Eric (and others)

Author
Discussion

IforB

9,840 posts

231 months

Sunday 25th October 2009
quotequote all
If everyone is waiting on the 787, then that's knackered then. That's one project that seems to be turning into a complete disaster. I hope they pull it off though.

Eric Mc

122,335 posts

267 months

Sunday 25th October 2009
quotequote all
The era of the all composite aircraft has been promised for so long now - and we are still waiting.

navier_stokes

948 posts

201 months

Sunday 25th October 2009
quotequote all
IforB said:
If everyone is waiting on the 787, then that's knackered then. That's one project that seems to be turning into a complete disaster. I hope they pull it off though.
True, but someone had to start somewhere wink

dr_gn

16,199 posts

186 months

Sunday 25th October 2009
quotequote all
navier_stokes said:
IforB said:
Would having the engines in that configuration on the BWB's actually induce lift by increasing airflow over the body?
Possibly, the suction (upper) side of an aerofoil benefits (increases lift) from larger velocities (compared to the pressure side), as a simplification.

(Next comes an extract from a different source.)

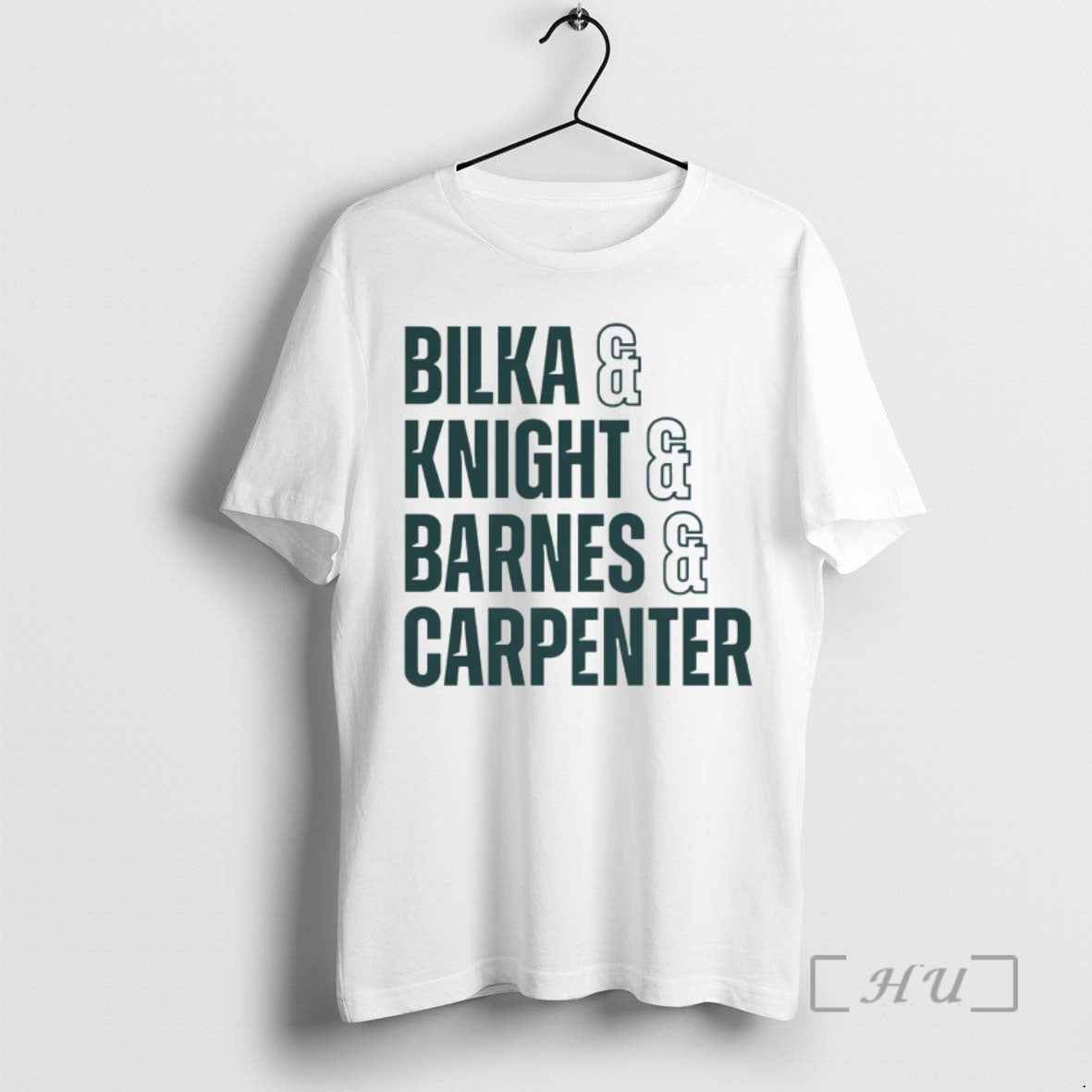 Officials Bilka And Knight Barnes Carpenter - Adult & Kids T-Shirts, Sweatshirts & Hoodies apparel design preview 1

Also it may aid seperation at higher angles of attack because it will always force the flow towards the trailing edge - and therefore create less drag.

This may be offset by any turbulence generated by the engine intakes.

NASA also have a concept for replacing 3 or 4 conventional turbines with many mini turbines on the trailing egdes of conventional wings with the assumption of the above and the fact they should be significantly less draggy - I can't find a picture of them at the moment though.

Edited:

Found an example, see page 27:
http://www.rolls-royce.com/Images/whittle_tcm92-54...

The reason why this isn't implemented at the moment is because the turbines just aren't efficient at that size (yet).

Edited by navier_stokes on Sunday 25th October 15:29
According to most articles on the sublect, the main reason for mounting the engines there is to reduce cabin noise, not to give lift. The effect isn’t really mentioned anywhere from what I’ve seen, but from what I’ve read, I’d assume the following reasons would make the ‘lift’ concept fairly insignificant:

Firstly, for the engines to give much lift effect through air being ingested into the intakes, they would have to be mounted very close to (or within) where the boundary layer is, and on an efficient lifting surface (ie over the “wing” part of the aircraft like in your multiple fan trailing edge thing, rather than the “fuselage”). This gives all sorts of problems with turbulent air being ingested into the engines (especialy at high angles of attack) drastically reducing their efficiency.

The X-48B flying demonstrator has the engines pod mounted on pylons specifically located to be above the boundary layer, after the NASA simulations of low or fuselage mounted engines resulted in the aforementioned engine inlet problems (which are still being addressed). If you look at the location of the X-48B engine intakes, they would be sucking air away from the trailing edge rather than towards it. The reason NASA were investigating having the engines partially or fully located within the fuselage in the first place was to reduce or eliminate the drag of the nacelles, to reduce external noise, and to reduce overall drag through extracting the turbulent boundary layer in this region (in certain situations), rather than to accelerate flow over the fuselage.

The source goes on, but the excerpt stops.